後続するキャリアテープ11が入口21に挿入され、キャリアテープ11の端面11Tが第1スプロケット31に当たると、第1スプロケット31のスプロケットピン31Pがスプロケットホール16に挿入される。スプロケットピン31Pがスプロケットホール16に挿入された後、駆動モータ34の駆動が開始される。これにより、後続するキャリアテープ11は、第2スプロケット32に搬送される。第2スプロケット32にキャリアテープ11が搬送された後、上述と同様の手順で、実装ヘッド5による電子部品Cの実装が開始される。
[効果]
以上説明したように、本実施形態によれば、入口21と第1スプロケット31との間において、キャリアテープ11の幅方向の一端部がガイド部材41にガイドされ、キャリアテープ11の幅方向の他端部が弾性部材42に支持される。これにより、入口21に挿入されたキャリアテープ11は、位置ずれ又は蛇行が抑制された状態で、第1スプロケット31まで円滑に移動することができる。また、移行処理のために先行するキャリアテープ11の移動経路を変更するとき、作業者がキャリアテープ11を保持して捩るように操作するだけで、先行するキャリアテープ11の+X側の端部が接触面44をスライドして下方に移動する。これにより、キャリアテープ11のスプロケットホール16を第1スプロケット31のスプロケットピン31Pから外すことができる。このように、本実施形態によれば、先行するキャリアテープ11から後続するキャリアテープ11へ移行させる移行処理を簡単な機構で容易に実施することができる。
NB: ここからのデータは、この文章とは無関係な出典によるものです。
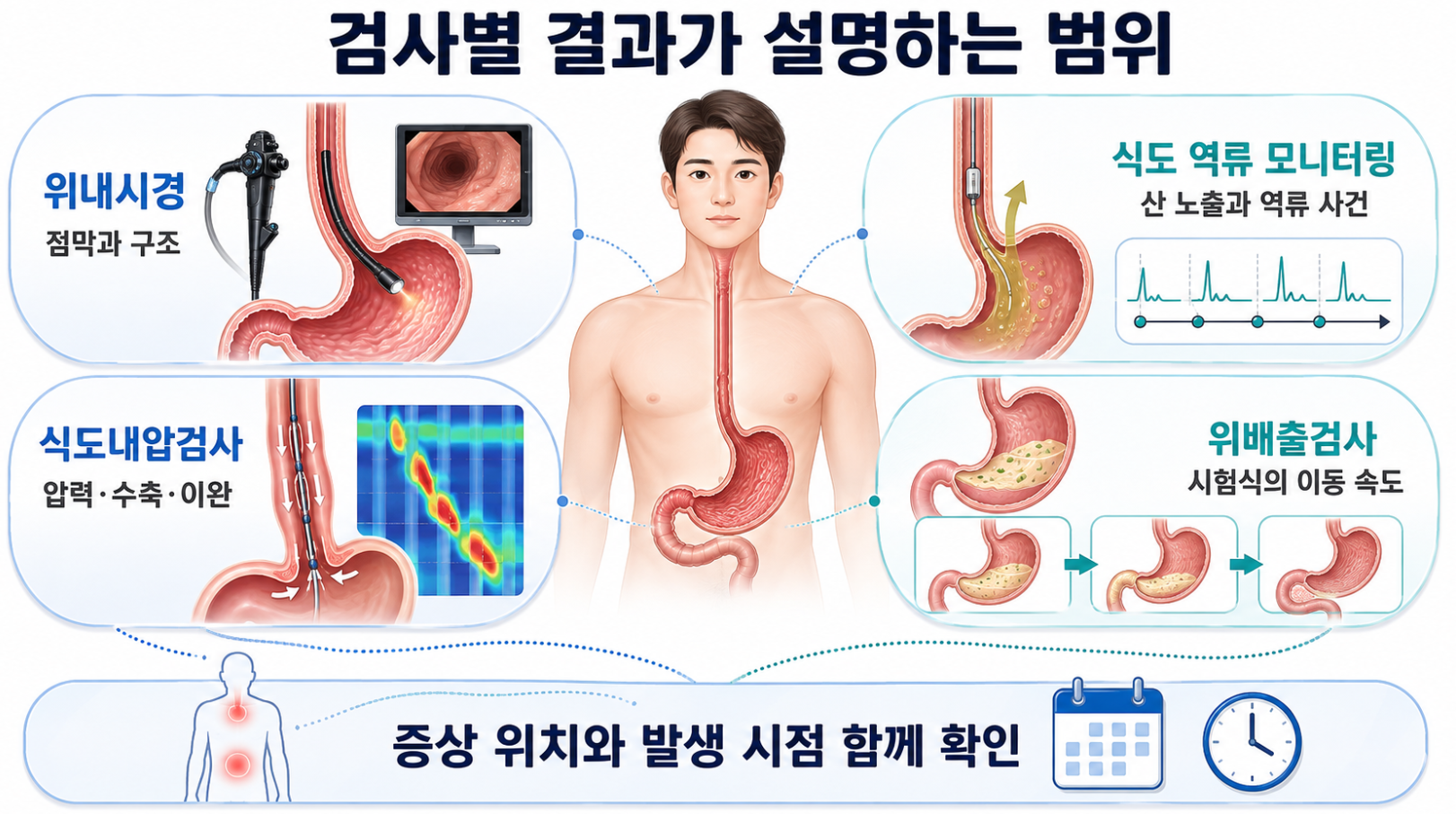 위내시경과 식도 기능검사별 결과가 설명하는 정보 범위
キャリアテープ11の幅方向において、第1スプロケット31とガイド面43との距離Waは、第1スプロケット31と接触面44との距離Wbよりも短い。これにより、キャリアテープ11の搬送において、第1スプロケット31からキャリアテープ11に−Z方向の力が付与されても、キャリアテープ11の+X側の端部が弾性部材42から脱落することが抑制される。
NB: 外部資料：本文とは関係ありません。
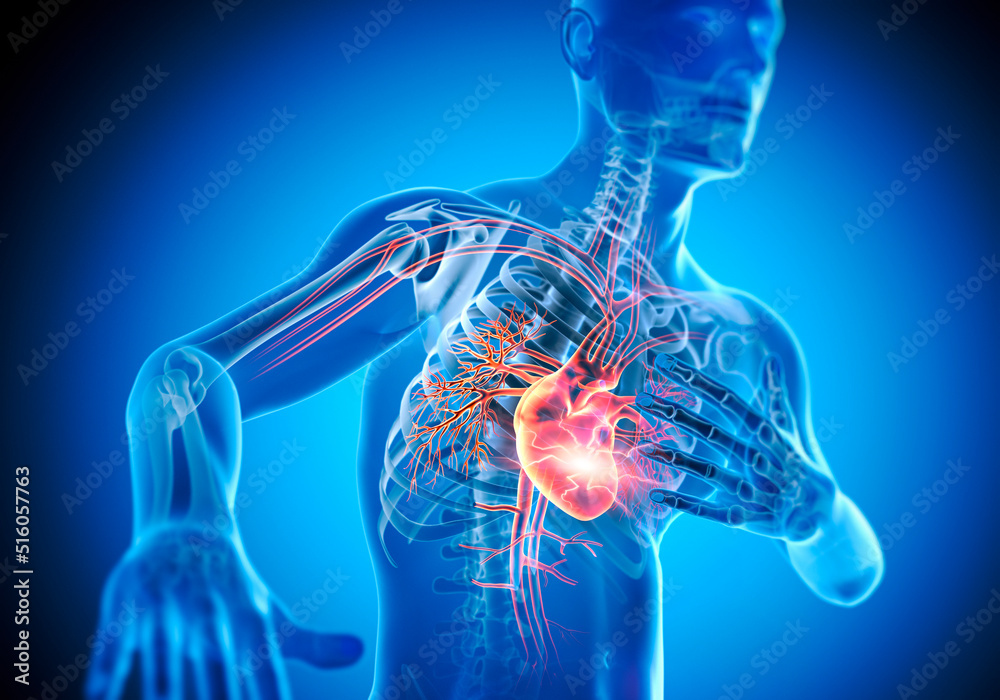 Ταπετσαρία X-ray 3D illustration of man with chest pain - heart attack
第1スプロケット31の近傍の第2区間412においては、キャリアテープ11は、第1ガイド面431と第2ガイド面432と第3ガイド面433との3つのガイド面43によってガイドされる。これにより、第1スプロケット31の近傍においては、キャリアテープ11は安定してガイドされる。
入口21の近傍の第1区間411においては、第3ガイド面433が設けられないことにより、キャリアテープ11を入口21に挿入する作業は円滑に実施される。
入口21の近傍に支持部材50が設けられることにより、キャリアテープ11を入口21に挿入する作業はより円滑に実施される。
第1スプロケット31のスプロケットピン31Pは、第1スプロケット31の回転軸に対する放射方向において外側に向かって細くなる。これにより、スプロケットピン31Pはスプロケットホール16に円滑に挿入される。